“Why Socialism?” added to the Reformist Bibliography

Einstein in 1950. (Photo: AFP)

Albert Einstein’s seminal 1949 essay, originally published in Monthly Review, is now accessible in PDF form via the bibliography. The piece, far from being an empty call to revolution or a milquetoast defense of welfare capitalism in the guise of a nominal “socialism,” is one of the most sober and concise defenses of democratic socialism ever written. In relatively few words, the German physicist puts forth an unsparing indictment of capitalism and argues in favor of the need for social and economic transformation.

The economic anarchy of capitalist society as it exists today is, in my opinion, the real source of [man’s suffering.] We see before us a huge community of producers the members of which are unceasingly striving to deprive each other of the fruits of their collective labor—not by force, but on the whole in faithful compliance with legally established rules. In this respect, it is important to realize that the means of production—that is to say, the entire productive capacity that is needed for producing consumer goods as well as additional capital goods—may legally be, and for the most part are, the private property of individuals.

His conclusion, in favor of a planned economy, additionally confronts the dilemma of preventing tyranny.

I am convinced there is only one way to eliminate [society’s] grave evils, namely through the establishment of a socialist economy, accompanied by an educational system which would be oriented toward social goals….Nevertheless, it is necessary to remember that a planned economy is not yet socialism. A planned economy as such may be accompanied by the complete enslavement of the individual. The achievement of socialism requires the solution of some extremely difficult socio-political problems: how is it possible, in view of the far-reaching centralization of political and economic power, to prevent bureaucracy from becoming all-powerful and overweening? How can the rights of the individual be protected and therewith a democratic counterweight to the power of bureaucracy be assured?

Einstein’s essay offers both a solid explanation of socialism’s basic utility while avoiding any overly didactic prescriptions for its realization. Einstein ends his piece with a call for discourse. Seven decades on, the left is bogged down in unproductive and frequently bad faith discourse. A revisiting of pieces like Why Socialism? more often could break the logjam.

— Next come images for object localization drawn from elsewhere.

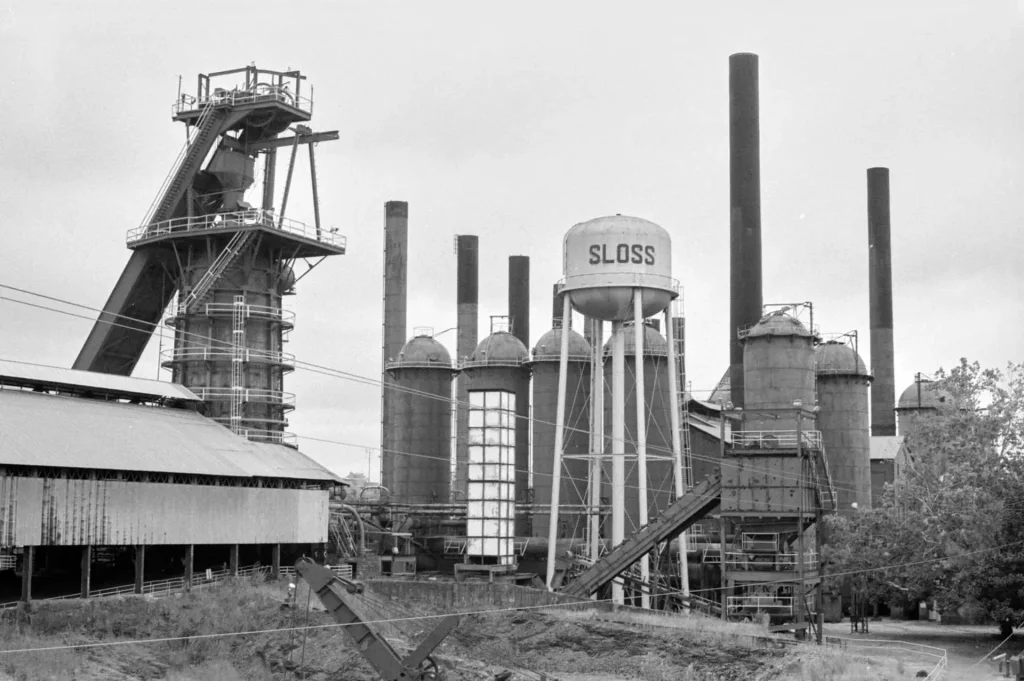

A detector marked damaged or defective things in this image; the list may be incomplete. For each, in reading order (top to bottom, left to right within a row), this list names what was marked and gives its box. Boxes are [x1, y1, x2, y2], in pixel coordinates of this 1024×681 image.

rusty metal surface [0, 358, 201, 401]
rusty metal surface [0, 387, 342, 483]
rusty metal surface [0, 475, 327, 544]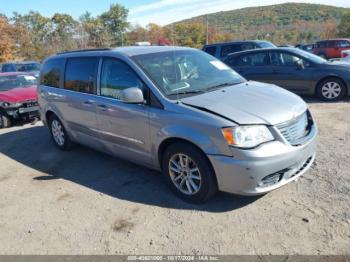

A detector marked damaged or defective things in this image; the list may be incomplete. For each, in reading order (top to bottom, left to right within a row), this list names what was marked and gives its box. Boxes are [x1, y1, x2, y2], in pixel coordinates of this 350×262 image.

damaged vehicle [0, 72, 39, 128]
damaged vehicle [37, 46, 318, 203]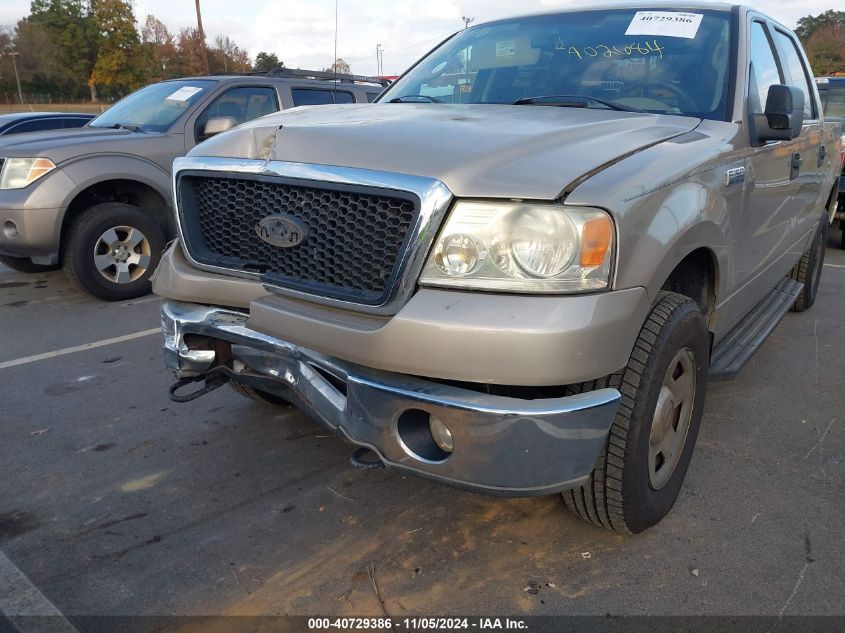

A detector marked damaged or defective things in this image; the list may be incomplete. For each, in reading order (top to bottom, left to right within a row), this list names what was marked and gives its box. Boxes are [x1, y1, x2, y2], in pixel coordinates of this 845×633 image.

damaged ford f-150 [155, 2, 840, 532]
crumpled front bumper [160, 298, 620, 496]
bent bumper cover [162, 298, 620, 496]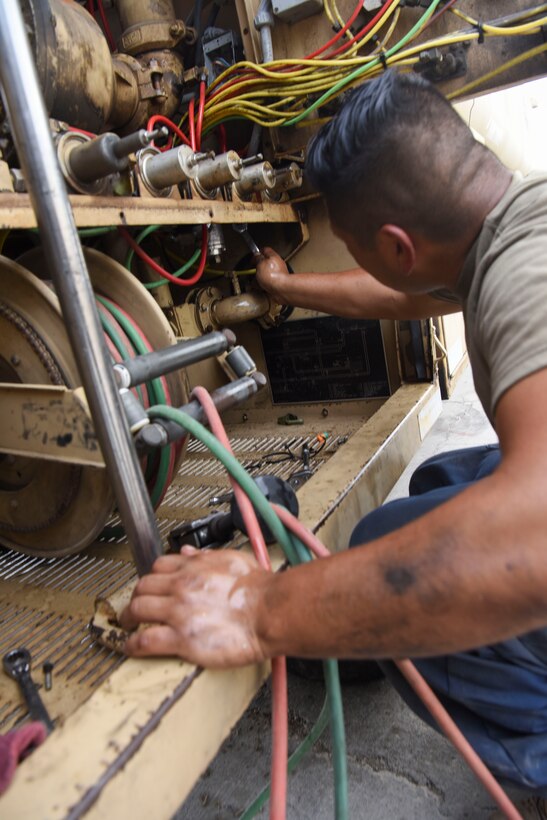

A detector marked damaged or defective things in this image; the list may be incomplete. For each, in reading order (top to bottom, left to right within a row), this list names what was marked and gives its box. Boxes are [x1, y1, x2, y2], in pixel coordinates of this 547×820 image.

rusted metal surface [0, 194, 302, 229]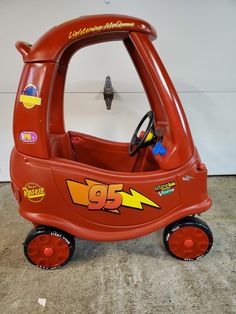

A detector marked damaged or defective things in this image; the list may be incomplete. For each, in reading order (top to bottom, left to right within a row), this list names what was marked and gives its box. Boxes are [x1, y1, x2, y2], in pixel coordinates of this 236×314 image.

rust-eze sticker [68, 20, 135, 39]
rust-eze sticker [19, 84, 41, 109]
rust-eze sticker [22, 183, 45, 202]
rust-eze sticker [65, 180, 159, 215]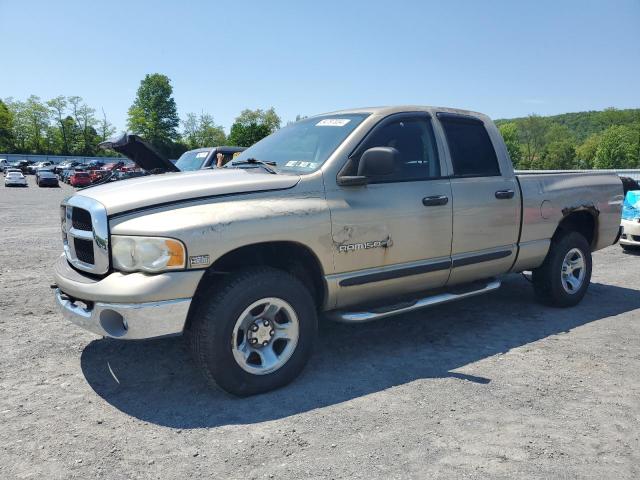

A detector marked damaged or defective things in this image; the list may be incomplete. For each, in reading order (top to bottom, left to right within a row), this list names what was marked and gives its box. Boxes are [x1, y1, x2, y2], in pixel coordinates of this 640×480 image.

SocDem bibliography update: “The Minority Party in America” featuring Norman Thomas

In 1960, a producer from Folkways Records (now Smithsonian Folkways) interviewed then leader of the Socialist Party of America and six time presidential candidate Norman Thomas, releasing the interview the following year under the title The Minority Party in America. Beyond the subject of the title, Thomas discusses a range of topics and issues (many of which are still relevant) including campaign finance and the odious role of the public relations industry in politics. Thomas’s forthrightness, pragmatism and commitment to egalitarian democracy shine through. He makes clear that his pragmatism, however, is not just a cover for unprincipled opportunism. “Politics is, in a sense, the art of compromise, but it’s the art of compromise of people who have a sense of direction, who know where they’re going and who don’t compromise too easily without a fight,” he says. The interview is both rich with Thomas’s insights and a snapshot of American cold war politics from a leftist perspective.

The record can be streamed in its entirety on YouTube and downloaded from the Folkways website along with the original liner notes.

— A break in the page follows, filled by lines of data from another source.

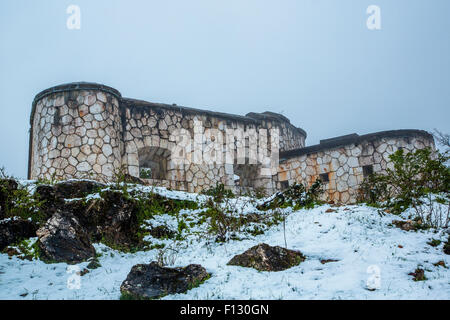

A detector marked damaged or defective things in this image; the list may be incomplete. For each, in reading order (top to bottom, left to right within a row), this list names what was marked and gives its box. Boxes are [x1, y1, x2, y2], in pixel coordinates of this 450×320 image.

damaged parapet [27, 82, 432, 202]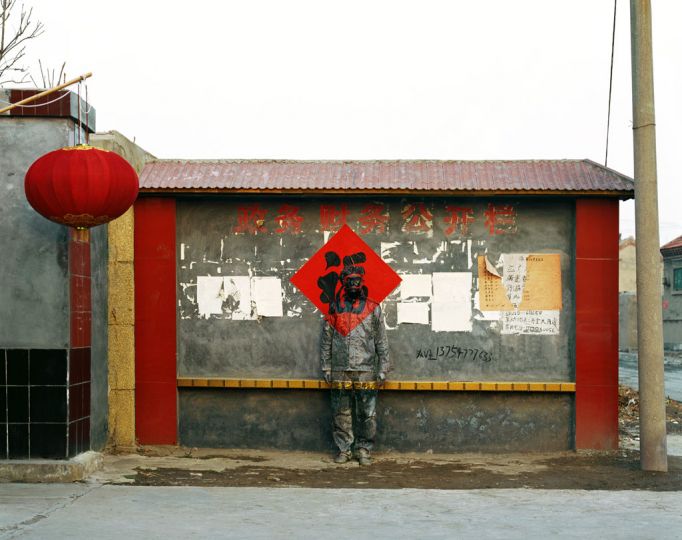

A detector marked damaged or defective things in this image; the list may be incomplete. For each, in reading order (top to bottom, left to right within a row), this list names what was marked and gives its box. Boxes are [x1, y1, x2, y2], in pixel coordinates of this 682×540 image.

rust stain on roof [137, 157, 632, 197]
torn white poster [195, 276, 224, 318]
torn white poster [223, 276, 252, 318]
torn white poster [250, 278, 282, 316]
torn white poster [394, 302, 424, 322]
torn white poster [398, 274, 430, 300]
torn white poster [432, 272, 470, 332]
torn white poster [500, 254, 524, 308]
torn white poster [500, 310, 556, 336]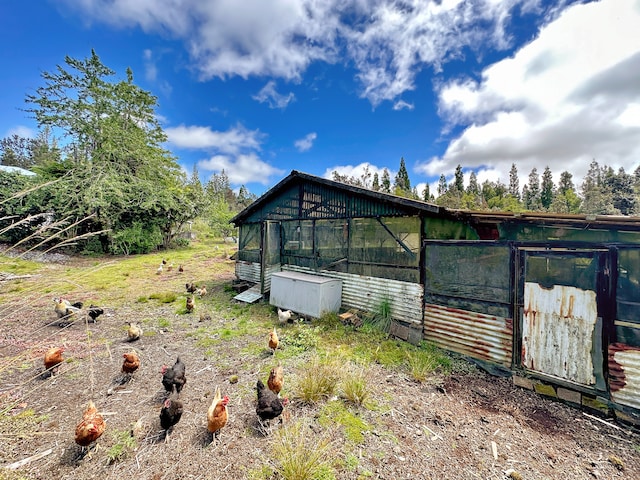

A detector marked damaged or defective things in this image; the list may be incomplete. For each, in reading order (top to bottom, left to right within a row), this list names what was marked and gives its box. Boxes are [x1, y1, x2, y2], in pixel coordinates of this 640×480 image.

rusted metal sheet [235, 260, 260, 284]
rusty corrugated metal siding [235, 260, 260, 284]
rusted metal sheet [282, 264, 422, 328]
rusty corrugated metal siding [282, 266, 422, 326]
rusted metal sheet [422, 306, 512, 366]
rusty corrugated metal siding [422, 306, 512, 366]
rusted metal sheet [524, 284, 596, 384]
rusty corrugated metal siding [524, 284, 596, 384]
rusted metal sheet [608, 344, 640, 410]
rusty corrugated metal siding [608, 342, 640, 412]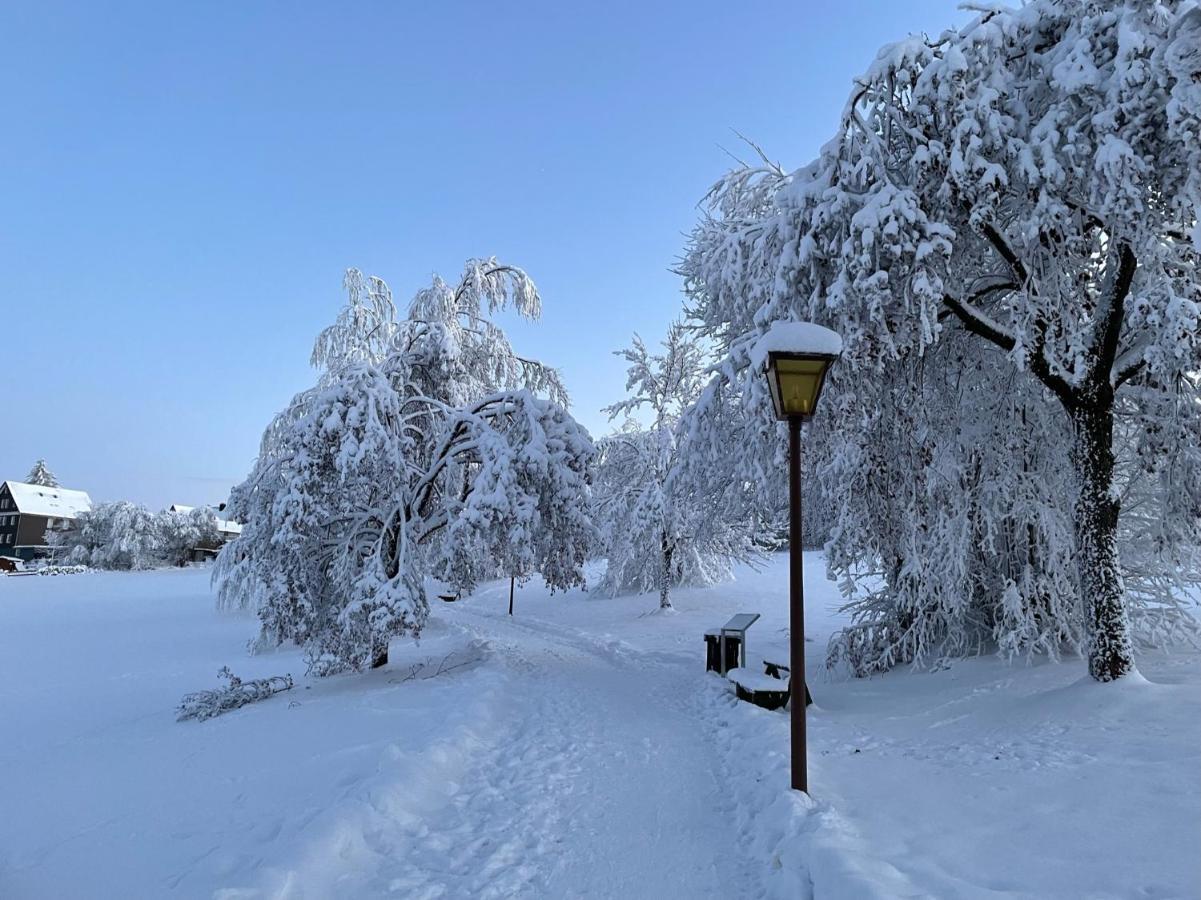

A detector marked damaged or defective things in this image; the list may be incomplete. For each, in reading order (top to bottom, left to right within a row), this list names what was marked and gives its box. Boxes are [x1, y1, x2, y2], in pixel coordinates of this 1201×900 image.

rusty lamp post [763, 322, 840, 793]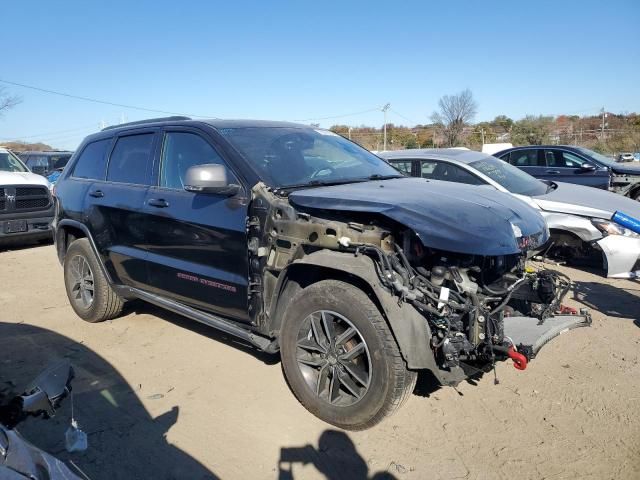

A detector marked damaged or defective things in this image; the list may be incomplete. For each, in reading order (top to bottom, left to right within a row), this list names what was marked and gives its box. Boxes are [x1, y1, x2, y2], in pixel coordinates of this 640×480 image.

damaged front end [249, 182, 592, 388]
detached bumper part [502, 314, 592, 358]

SocDem bibliography update: “From Socialism to Neoliberalism”

Bayard Rustin c. 1970. (Photo: Associated Press)

In 2013, American Marxist Edmund Berger published excerpts from an abandoned writing project on his blog. The two posts, titled “From Socialism to Neoliberalism: A Story of Capture,” chronicle the downfall of the Socialist Party of America and the ideological drift of seminal figures like Bayard Rustin from democratic socialism to anti-Communist hawkishness. It’s essential reading regarding the downfall of the American left.

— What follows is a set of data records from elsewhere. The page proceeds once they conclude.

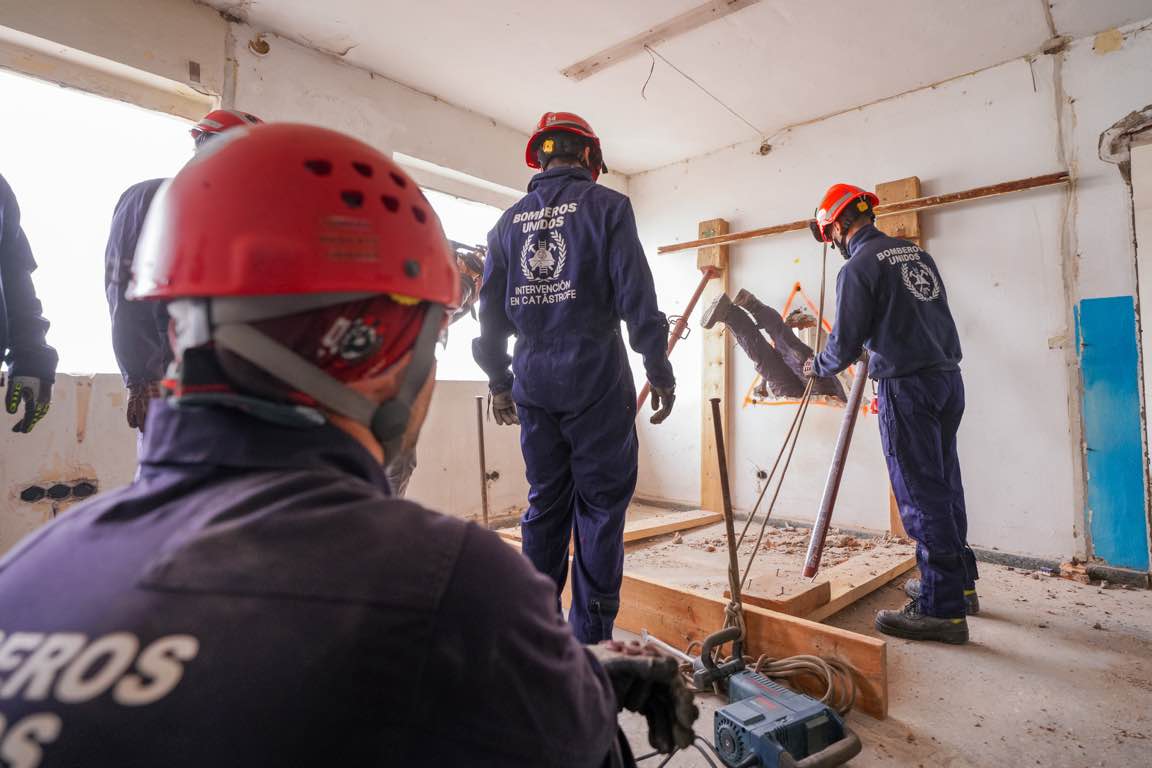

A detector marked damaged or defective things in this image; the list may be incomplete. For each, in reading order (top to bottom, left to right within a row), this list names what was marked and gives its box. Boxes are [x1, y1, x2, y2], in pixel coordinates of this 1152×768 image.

rusty metal rod [635, 267, 714, 412]
rusty metal rod [658, 171, 1069, 253]
wall with peeling paint [631, 15, 1152, 561]
cracked concrete wall [631, 15, 1152, 561]
rusty metal rod [705, 400, 741, 626]
rusty metal rod [806, 354, 866, 575]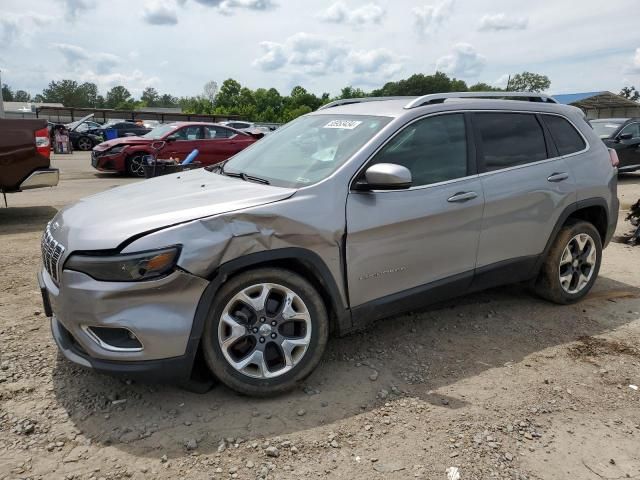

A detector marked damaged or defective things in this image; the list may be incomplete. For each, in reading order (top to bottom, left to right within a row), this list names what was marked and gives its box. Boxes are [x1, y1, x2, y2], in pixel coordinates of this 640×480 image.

crumpled hood [51, 169, 296, 251]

Parts 1 and 2 are now included in the bibliography.

SocDem bibliography update: Four Jacobin articles

Today, the bibliography gets the addition of four Jacobin articles, published in 2018/2019, all addressing the strengths (and weaknesses) of social democracy.

Three Scandinavians (Andreas Møller Mulvad, Rune Møller Stahl and Kjell Östberg) chronicle the halcyon era of Swedish social democracy (and its failure to transition into democratic socialism) and highlight Denmark’s welfare state as a refutation of superficial American anti-left talking points. Jacobin staff writer Meagan Day continues the Scandinavian theme, arguing that the fetishization of the Danish concept of Hygge ignores the political realities of its country of origin. In a later article, Day challenges the notion that the U.S. possesses a welfare state of any real substance, instead relying on “an elaborate system of tax expenditures intended to facilitate private welfare provision.”

Collectively, the articles offer important insight into the much vaunted social democracies of Scandinavia and, with Day’s second piece, how that form of welfare statism has utterly failed to materialize in the United States.

SocDem bibliography update: The foundational texts of Lassalle, Bernstein and Rosselli

The bibliography now includes the seminal works of Ferdinand Lassalle, Eduard Bernstein and Carlo Rosselli (namely, The Working Man’s Programme, Evolutionary Socialism and Liberal Socialism), all foundational to the development of democratic socialism and, subsequently, social democracy. Thanks to the indefatigable Internet Archive, the new entries for Lassalle and Bernstein include links to the full texts of the works in question. As for Rosselli’s Liberal Socialism, I’d highly recommend purchasing the Princeton University Press edition, edited and featuring a lengthy introduction by Nadia Urbinanti.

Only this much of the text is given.